Des vinyles, des galères et du flair
Trouver ces perles rares, c’est toute une aventure. Jeantoine passe des heures sur internet à chercher, à comparer, à marchander. « C’est un peu la loterie. » Même pour acheter des vinyles plus classiques, il lui faut l’accord des maisons de disque qui les publient. S’il possède l’accord de la plupart d’entre elles, il en est une qui persiste à faire la sourde oreille : Warner. Une « major » dont le refus tacite occasionne pour Jeantoine un manque à gagner important puisqu’elle représente un grand nombre d’artistes de premier plan comme les Red Hot Chili Peppers, Ed Sheeran ou encore Dire Straits. Ces artistes lui sont d’ailleurs souvent demandé par certains clients mais restent inaccessibles faute de réponse. « Je les ai contactés des dizaines de fois. Mais Warner n’a jamais répondu », déplore-t-il.
Il se fournit donc autrement : petits distributeurs, collections rachetées, dépôts-vente. Parfois, des clients viennent lui proposer leurs cartons. « Je regarde tout. Même les trucs improbables. » Il n’a pas peur des vinyles un peu usés : « Au contraire. Un disque abîmé, c’est un disque qui a vécu.

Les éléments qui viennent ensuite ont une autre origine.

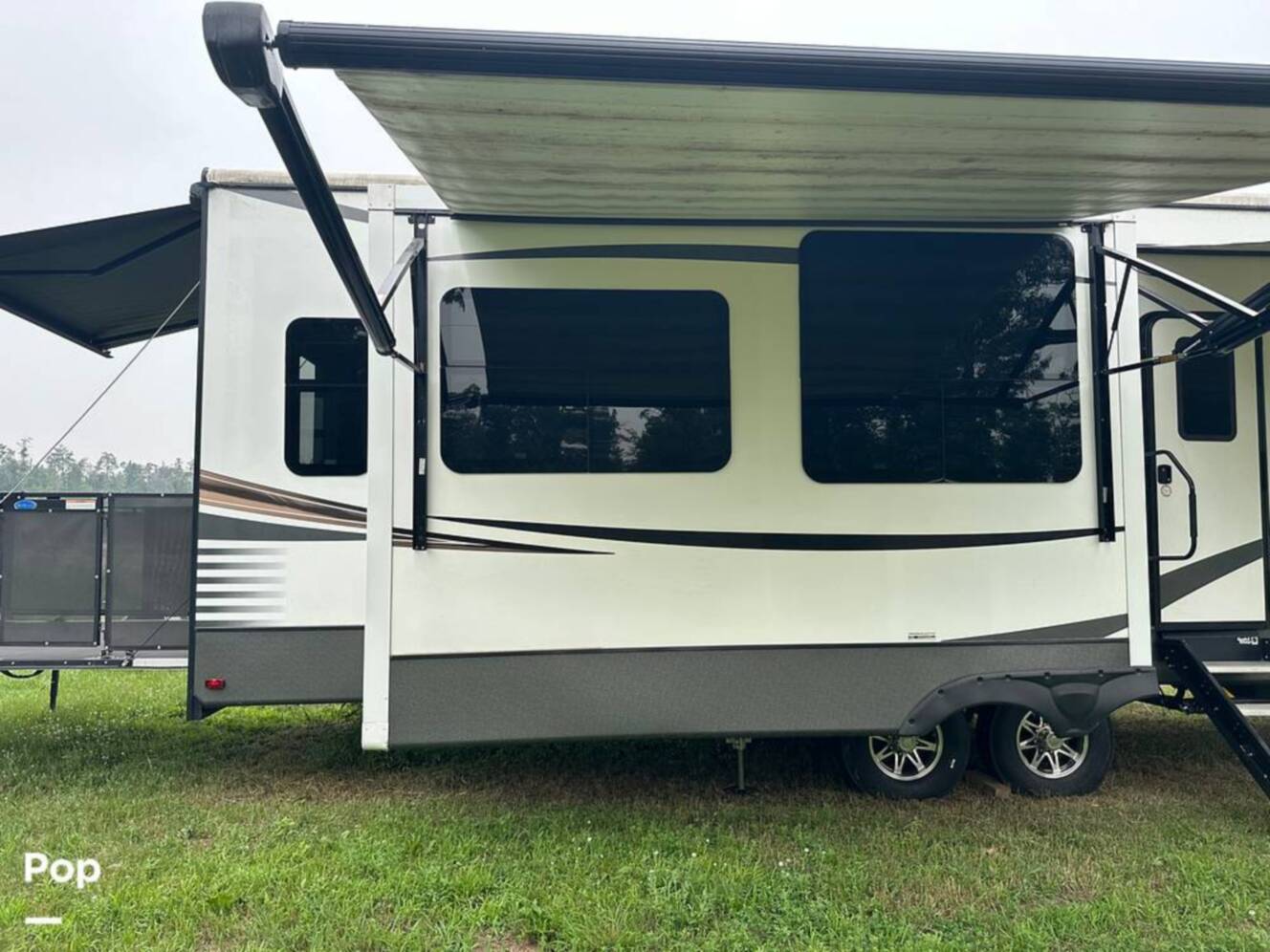 A photo of this 2021 Kz Durango Gold 382MBQ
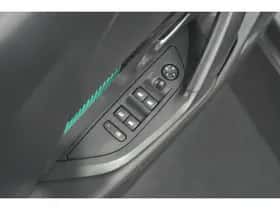 Peugeot 2008 (2023) thumbnail 17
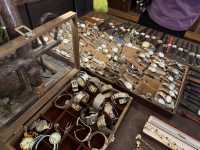 Deeritage – Timeless Vintage Jewelry for the Soulful Collector  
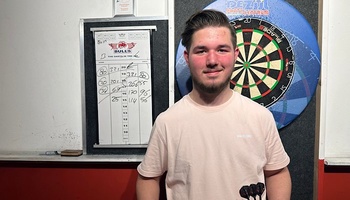 Bradley v/d Velden wint de Dinsdagavond Darts van 26 maart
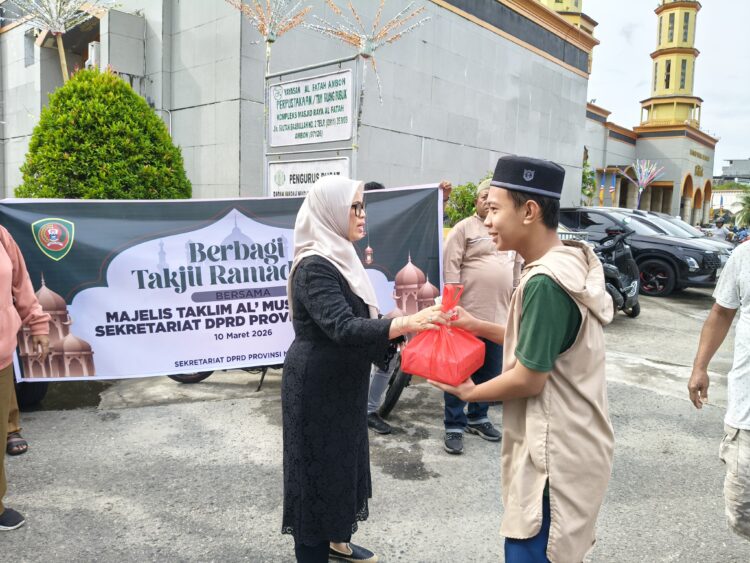 Sekretariat DPRD Maluku Berbagi Takjil Ramadan, Sekwan: Kita Berlomba Berbuat Kebaikan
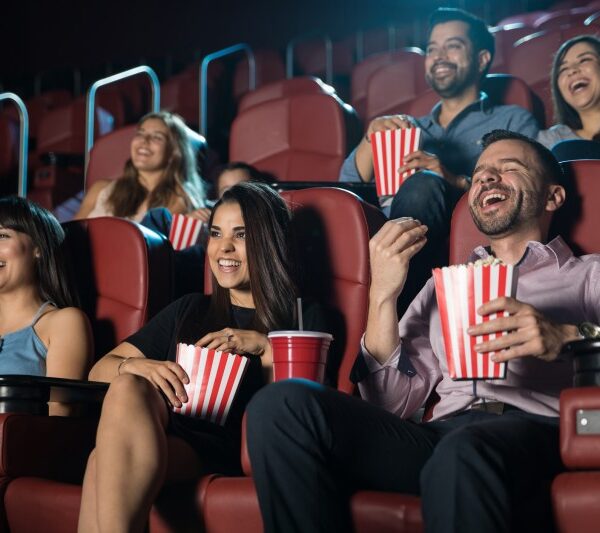 ¿Cuáles son las películas que están en cartelera en el cine de Villa General Belgrano?-La Ola Digital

Si j’estime que l’objet serait bon à exposer, je le prends. »
Le vinyle n’est pas mort
Malgré les difficultés, Jeantoine garde foi dans sa mission. Le marché du vinyle a connu un regain ces dernières années, porté par une quête de sens et de tangible. « Les jeunes reviennent vers ça. Ils veulent du vrai, du concret. » Une tendance qui touche tout l’Hexagone. D’après les chiffres publiés en mars 2025 par le Syndicat national de l’édition phonographique (SNEP), en 2024, les ventes de vinyles ont dépassé les ventes de CD, en termes de valeur. En effet, les ventes de vinyles ont généré un chiffre d’affaires de 98 millions d’euros, contre 91 millions d’euros pour les CD. Voilà qui montre que le vinyle a encore de beaux jours devant lui, et Jeantoine est là pour raconter l’histoire qui se cache derrière chaque disque.